Stop asking, start listening: a case for event-driven database integration

15 minute read

Published:

In many custom-built data replication and integration setups, a common pattern appears: a scheduled job queries a database every few minutes (or every hour, or every night), picks up whatever has changed since the last run, and feeds that data into another system. It works, it is simple to reason about, and for plenty of applications it is good enough.

The trouble starts when the data load grows, or when it becomes uneven. Imagine a burger stand that starts small and eventually becomes a chain. Orders that used to trickle in throughout the day now arrive in bursts: lunchtime, dinnertime, weekends. The polling job that worked fine at fifty orders a day now faces ten thousand, all piled up at the same hour — right when the database is already under its heaviest transactional load. Delays creep in. Occasionally things fall over. And if a run fails halfway through, you are left choosing between reprocessing the whole batch (risking duplicates in the target system) or skipping what already ran (leaving gaps). The root cause is not the volume itself, but the shape of it: polling turns a continuous stream of events into a batch, and batches, by definition, accumulate.

The alternative is an event-driven approach. Instead of a system that periodically asks “what changed?”, you build one where changes announce themselves the moment they are committed to the database, and downstream systems react at their own pace. Load spreads naturally across time. A failure no longer puts you in duplicate-or-gap territory, because each change is a discrete, ordered event that either gets processed or sits in the queue until it does. And if you need a new consumer, you subscribe to the stream; you do not have to change the source system at all.

For databases, the event-driven alternative to polling is to consume changes directly from the database’s own transaction log. This is called Change Data Capture (CDC). Instead of asking “what changed since I last looked?”, you subscribe to the answer as it is written; each INSERT, UPDATE, or DELETE becomes an event the moment it is committed. In this post I want to show what this looks like in practice, using a simple example: a table of burger stand ingredients, a Debezium connector reading MariaDB’s binary log, Kafka as the event backbone, and SAP Event Mesh as the final destination.

The goal of this post is to build an intuitive understanding of how a polling-based architecture can be transformed into an event-driven one. We will set up a system that enables near-real-time replication whenever the database is modified, rather than relying on periodic integration jobs. The resulting architecture is shown below, and will be explained shortly in detail.

Architecture diagram

(The forwarder step has two viable options, which the last section of this post covers in detail.
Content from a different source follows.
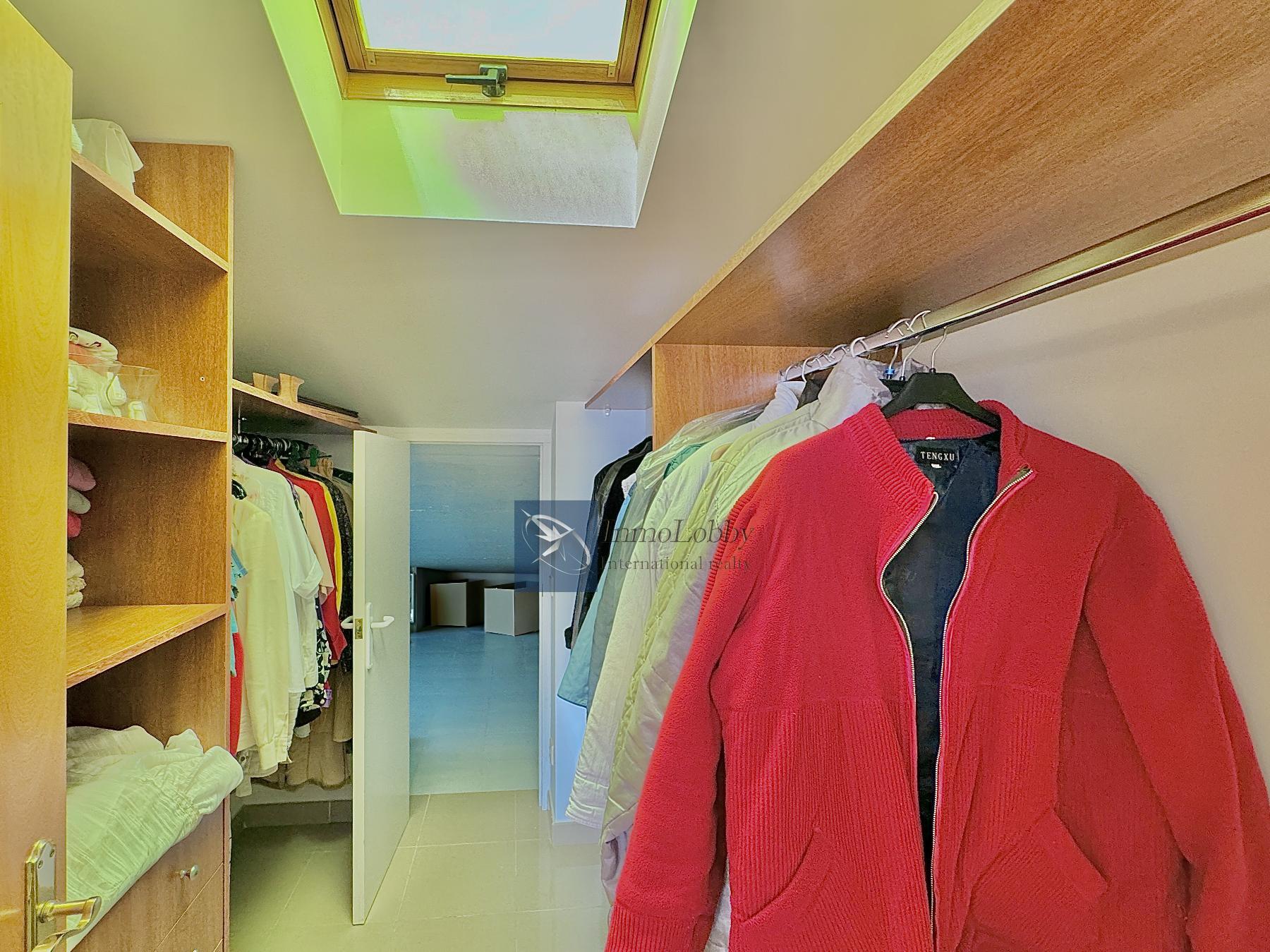 Kleiderschrank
Everything else runs in Docker through compose files, so the setup is reproducible on any machine with Docker installed).

The stack

Two Docker Compose projects make up the whole thing.

The first one is MariaDB, using the LinuxServer image. There is nothing special here: a single container with a database, a user, and a password. The important bit is the volume mapping, since LinuxServer uses /config as its data root, not the usual /var/lib/mysql. This matters when you need to override configuration, as we will see shortly.

services:
  mariadb:
    image: lscr.io/linuxserver/mariadb:latest
    container_name: mariadb
    environment:
      - PUID=1000
      - PGID=1000
      - TZ=Europe/Madrid
      - MYSQL_ROOT_PASSWORD=yourRootPassword
      - MYSQL_DATABASE=puesto_hamburguesas
      - MYSQL_USER=datachef
      - MYSQL_PASSWORD=yourPassword
    volumes:
      - ./data:/config
      - ./conf.d:/etc/my.cnf.d
    ports:
      - 3306:3306
    restart: unless-stopped

networks:
  default:
    name: mariadb_default

One thing worth noting: the explicit network name mariadb_default. The second Compose project (Kafka) needs to reach MariaDB across Docker networks, and it references this network as external. If you let Docker name the network automatically it will include the project directory name, which makes it fragile. Naming it explicitly is the cleaner approach.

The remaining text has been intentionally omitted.